→ **GIVEN INFORMATION**:
________________

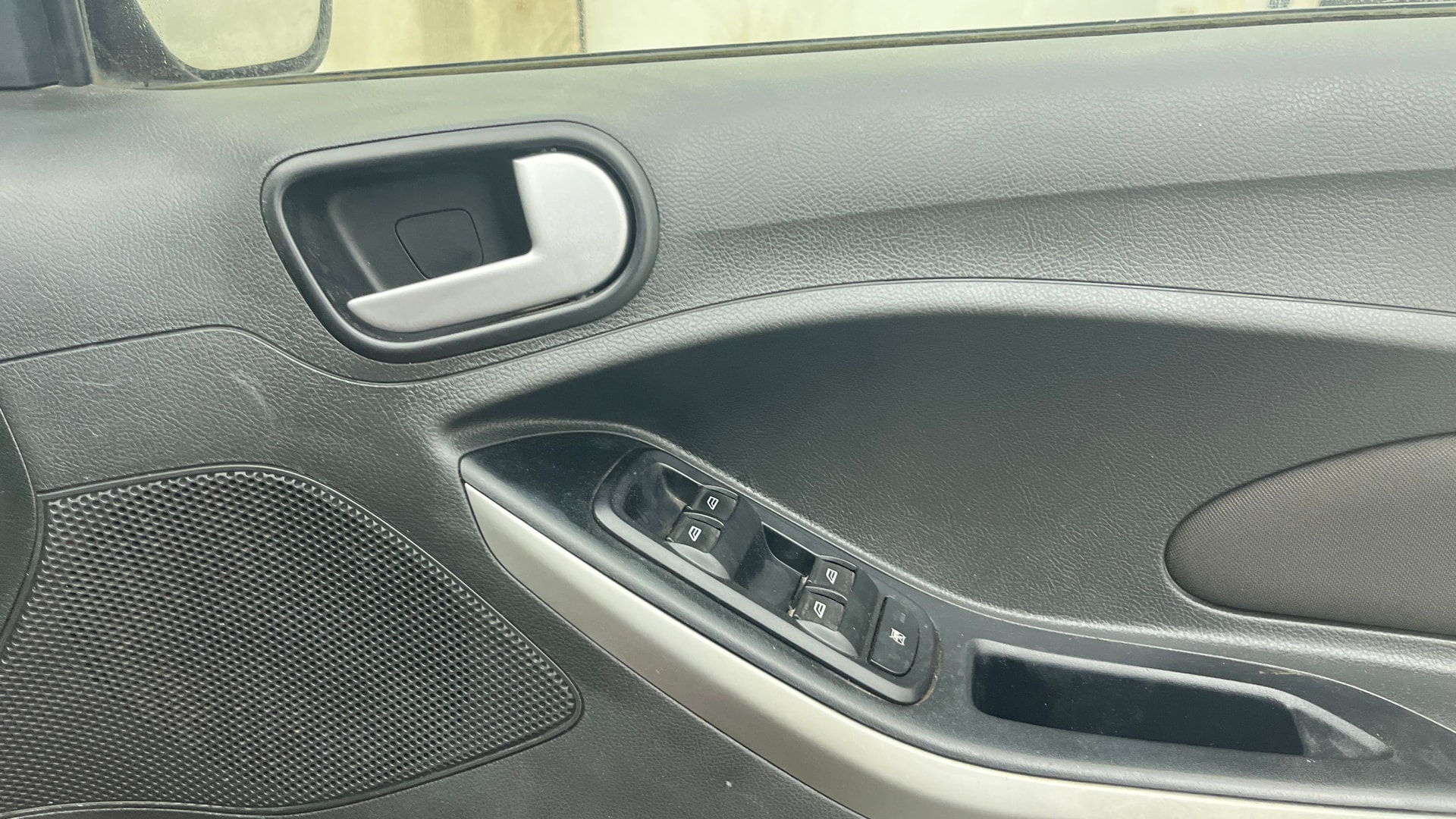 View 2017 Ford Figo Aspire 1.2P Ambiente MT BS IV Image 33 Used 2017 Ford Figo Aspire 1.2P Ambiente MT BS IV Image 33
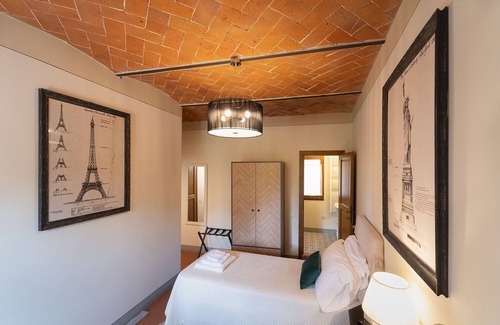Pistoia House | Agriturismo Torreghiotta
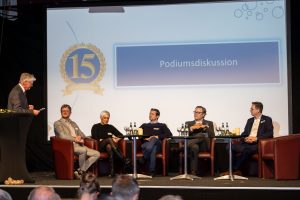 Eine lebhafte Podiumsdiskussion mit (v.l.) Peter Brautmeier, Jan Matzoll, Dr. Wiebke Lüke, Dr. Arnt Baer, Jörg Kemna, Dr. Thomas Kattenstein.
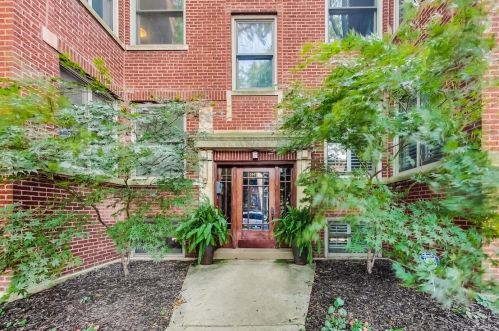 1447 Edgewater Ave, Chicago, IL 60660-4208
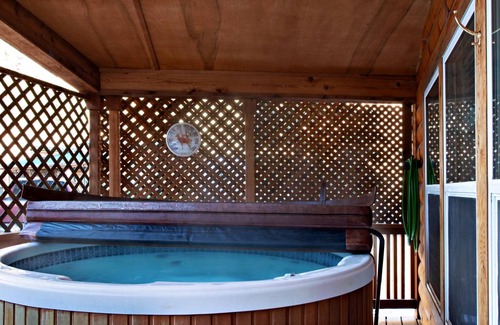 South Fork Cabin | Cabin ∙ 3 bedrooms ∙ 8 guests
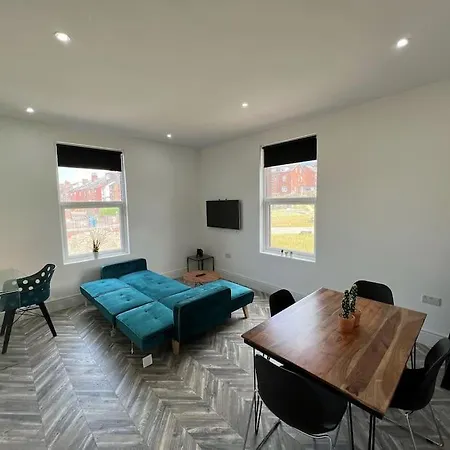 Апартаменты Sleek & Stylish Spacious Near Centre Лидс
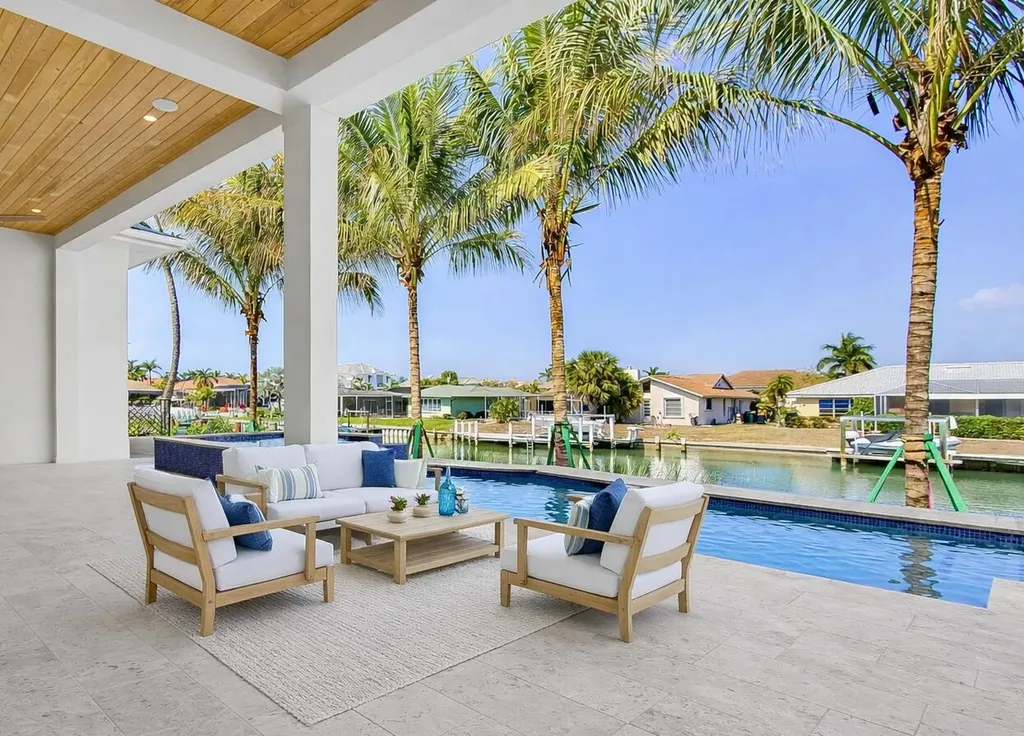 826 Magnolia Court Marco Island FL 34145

________________

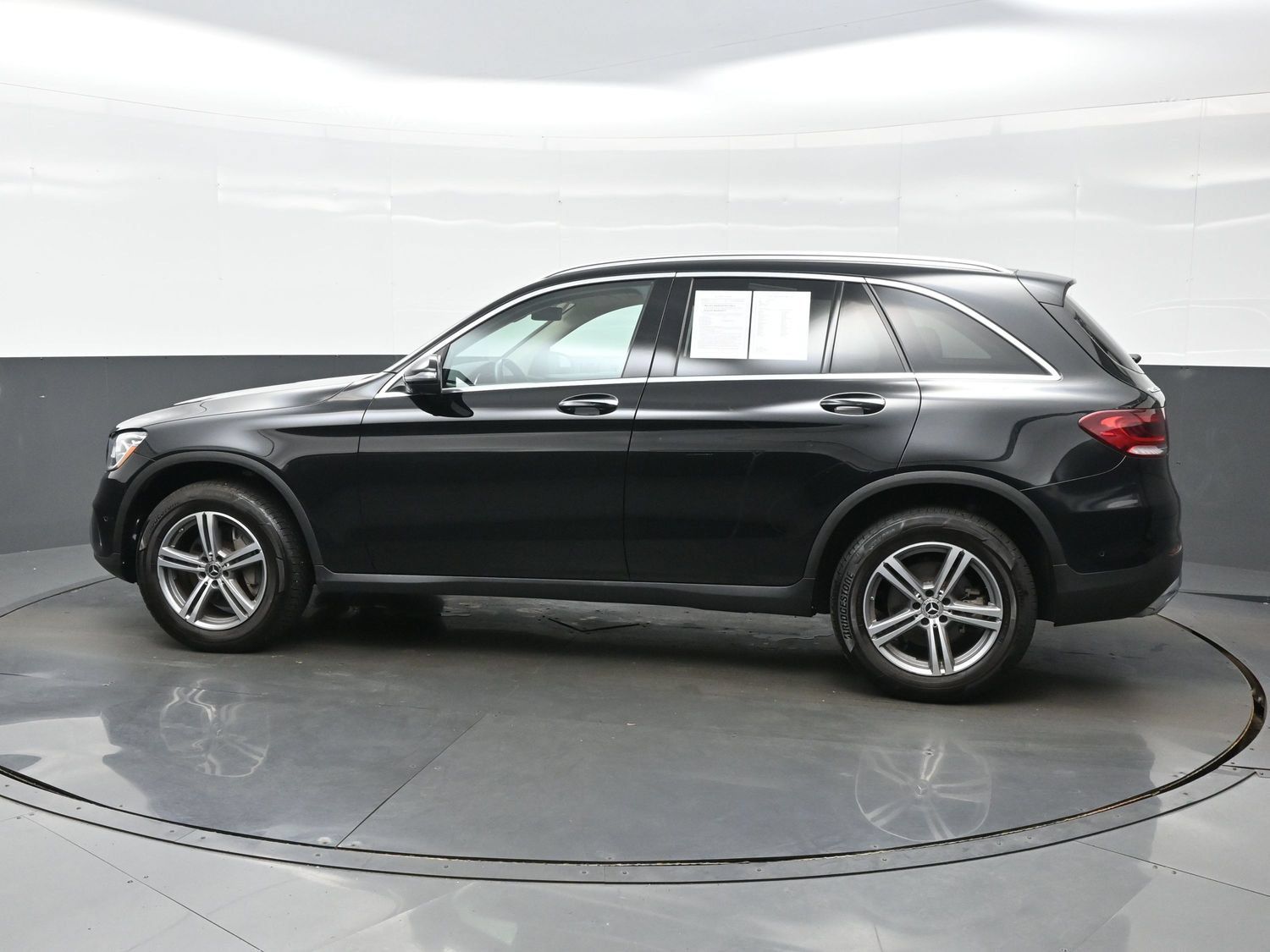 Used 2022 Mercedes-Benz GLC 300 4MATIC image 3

________________

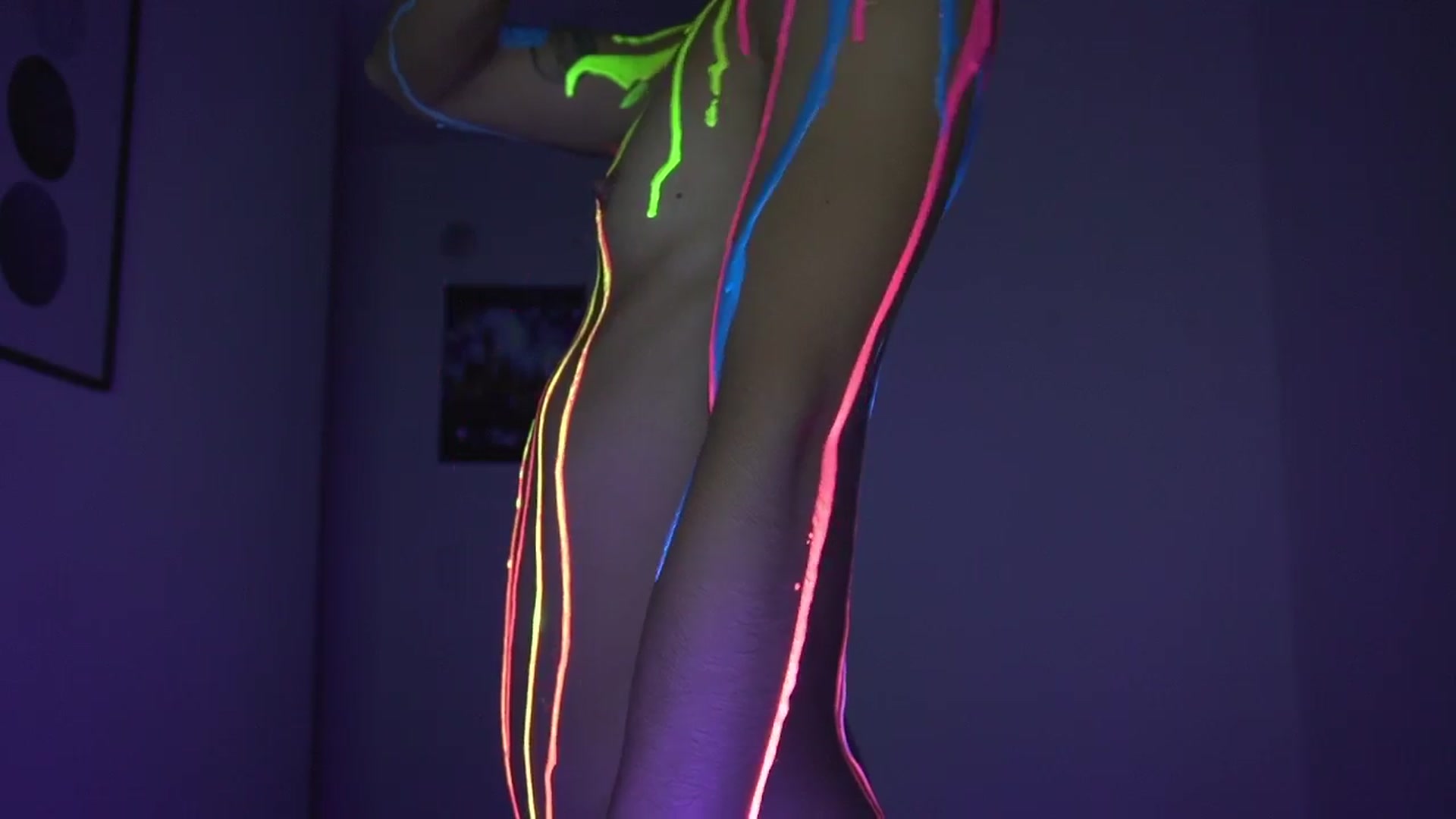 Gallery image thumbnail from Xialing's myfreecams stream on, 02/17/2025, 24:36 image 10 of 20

________________

Among the entries above, locate the line with "View 2017 Ford" and the line with "826 Magnolia Court Marco Island FL 34145". Give those two lines and all lines between them again, exactly, leaving out the pictures.

→ **TASK RESULT**:
 View 2017 Ford Figo Aspire 1.2P Ambiente MT BS IV Image 33 Used 2017 Ford Figo Aspire 1.2P Ambiente MT BS IV Image 33
Pistoia House | Agriturismo Torreghiotta
 Eine lebhafte Podiumsdiskussion mit (v.l.) Peter Brautmeier, Jan Matzoll, Dr. Wiebke Lüke, Dr. Arnt Baer, Jörg Kemna, Dr. Thomas Kattenstein.
 1447 Edgewater Ave, Chicago, IL 60660-4208
 South Fork Cabin | Cabin ∙ 3 bedrooms ∙ 8 guests
 Апартаменты Sleek & Stylish Spacious Near Centre Лидс
 826 Magnolia Court Marco Island FL 34145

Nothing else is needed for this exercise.